**Aim of the exercise:**
Go through the data and copy every line exactly, but not the images.

**Data below:**
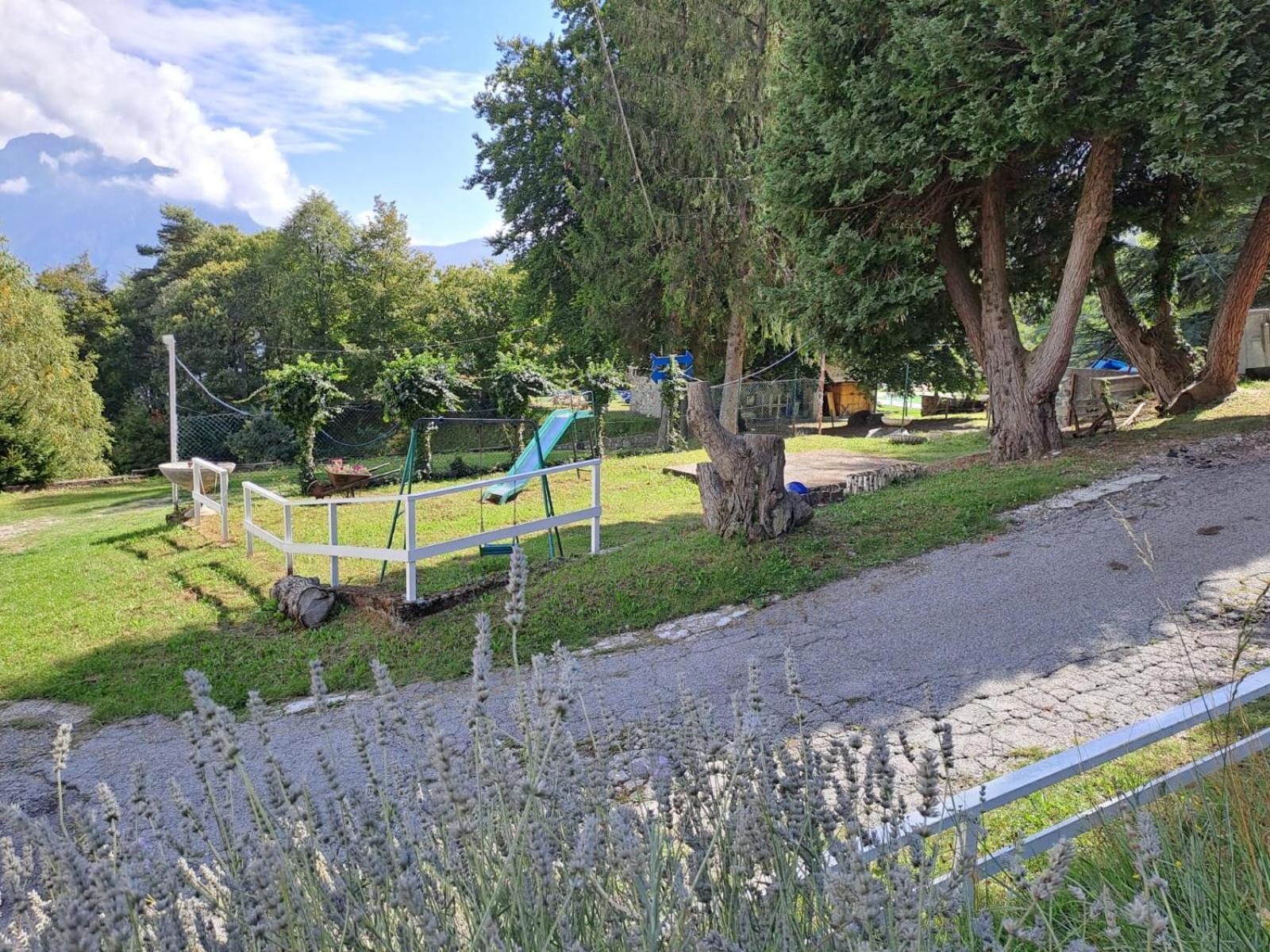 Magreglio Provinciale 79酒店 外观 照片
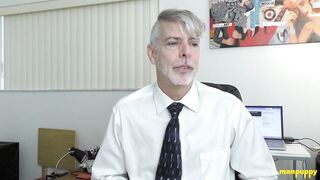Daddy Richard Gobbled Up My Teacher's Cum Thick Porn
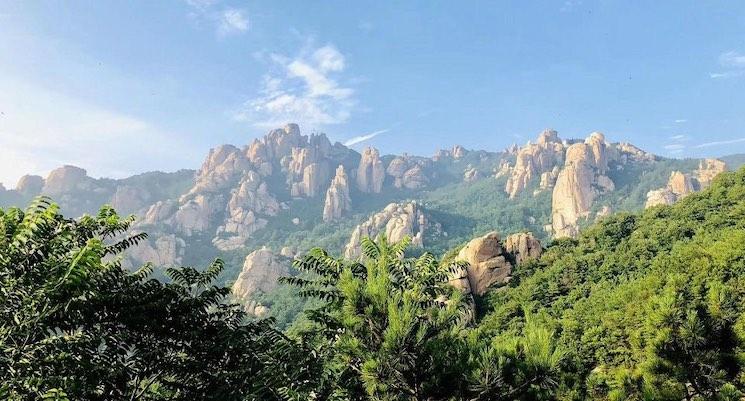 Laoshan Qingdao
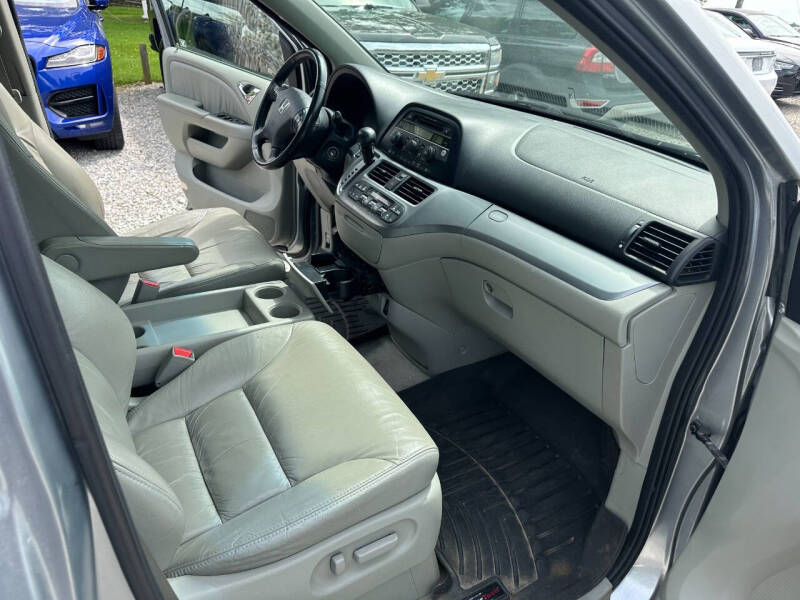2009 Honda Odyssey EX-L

**Answer box:**
 Magreglio Provinciale 79酒店 外观 照片
Daddy Richard Gobbled Up My Teacher's Cum Thick Porn
 Laoshan Qingdao
2009 Honda Odyssey EX-L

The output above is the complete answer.